- **EXERCISE**: Wherever a picture appears in the listing, leave it out, and copy the rest exactly.

- **INFORMATION SHOWN**:
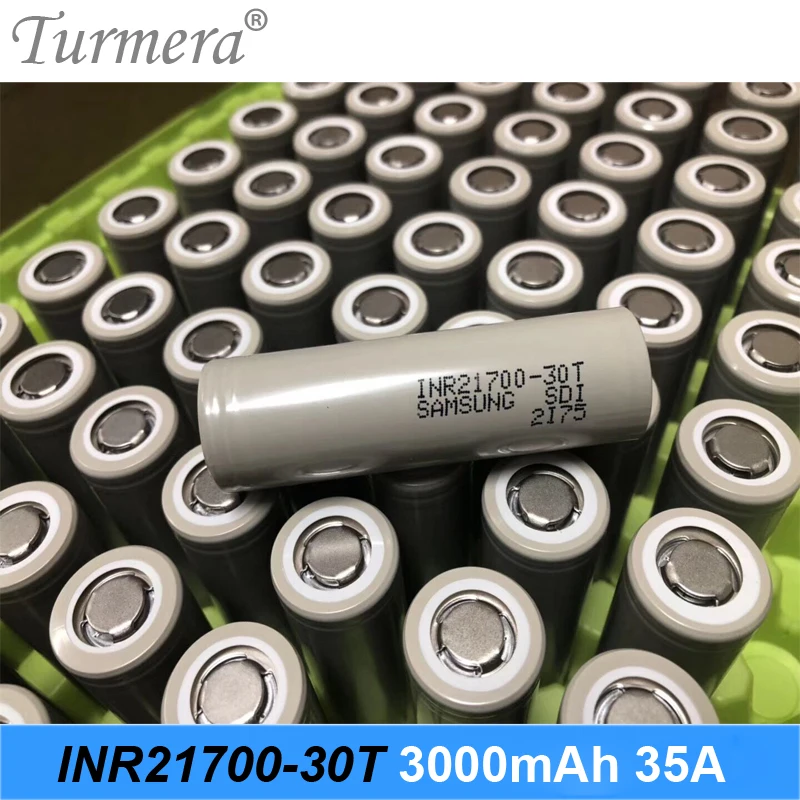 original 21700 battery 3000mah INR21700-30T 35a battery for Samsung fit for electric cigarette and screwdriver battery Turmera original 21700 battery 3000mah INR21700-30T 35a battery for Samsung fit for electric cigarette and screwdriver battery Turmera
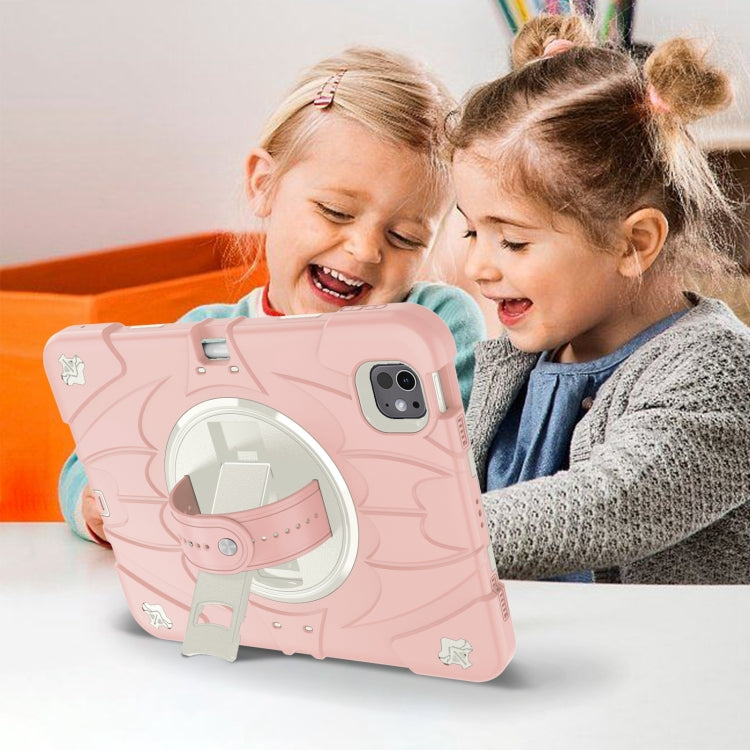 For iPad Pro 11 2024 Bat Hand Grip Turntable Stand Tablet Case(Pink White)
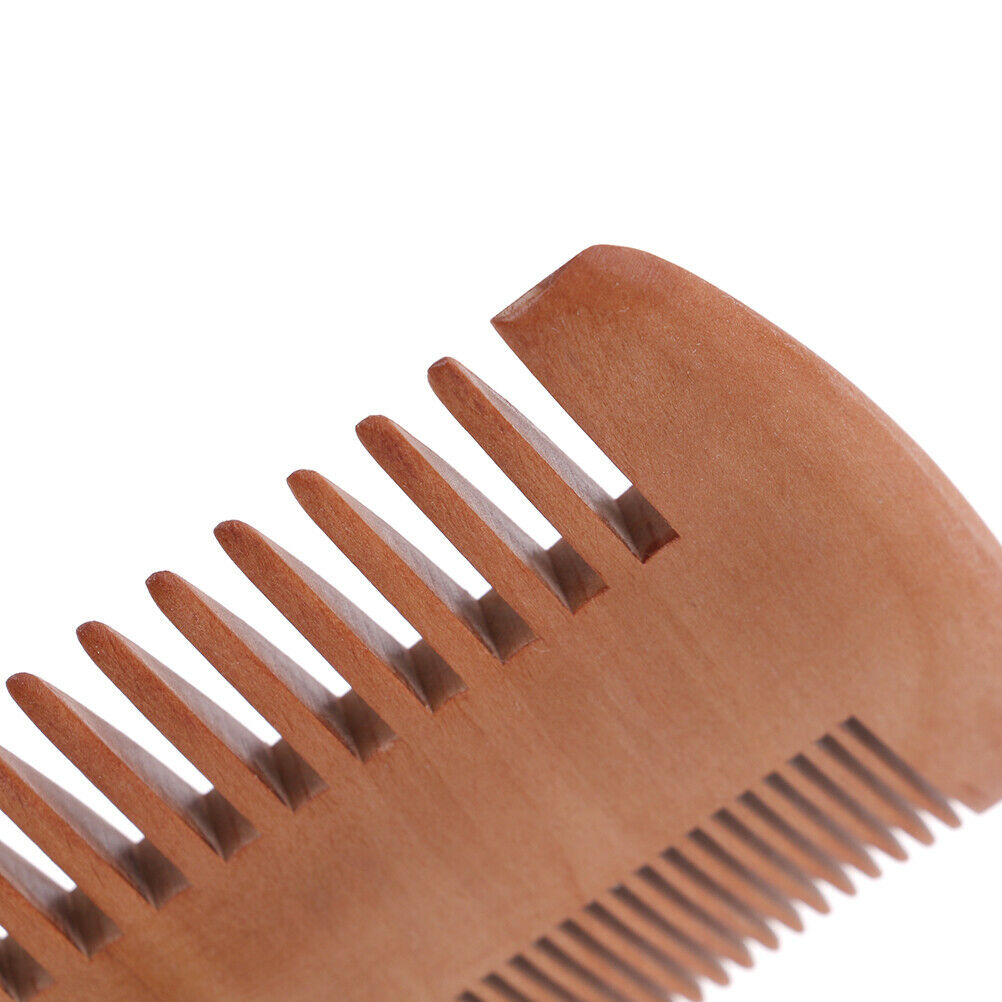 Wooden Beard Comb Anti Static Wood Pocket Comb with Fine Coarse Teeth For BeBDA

- **ANSWER BELOW**:
 original 21700 battery 3000mah INR21700-30T 35a battery for Samsung fit for electric cigarette and screwdriver battery Turmera original 21700 battery 3000mah INR21700-30T 35a battery for Samsung fit for electric cigarette and screwdriver battery Turmera
 For iPad Pro 11 2024 Bat Hand Grip Turntable Stand Tablet Case(Pink White)
 Wooden Beard Comb Anti Static Wood Pocket Comb with Fine Coarse Teeth For BeBDA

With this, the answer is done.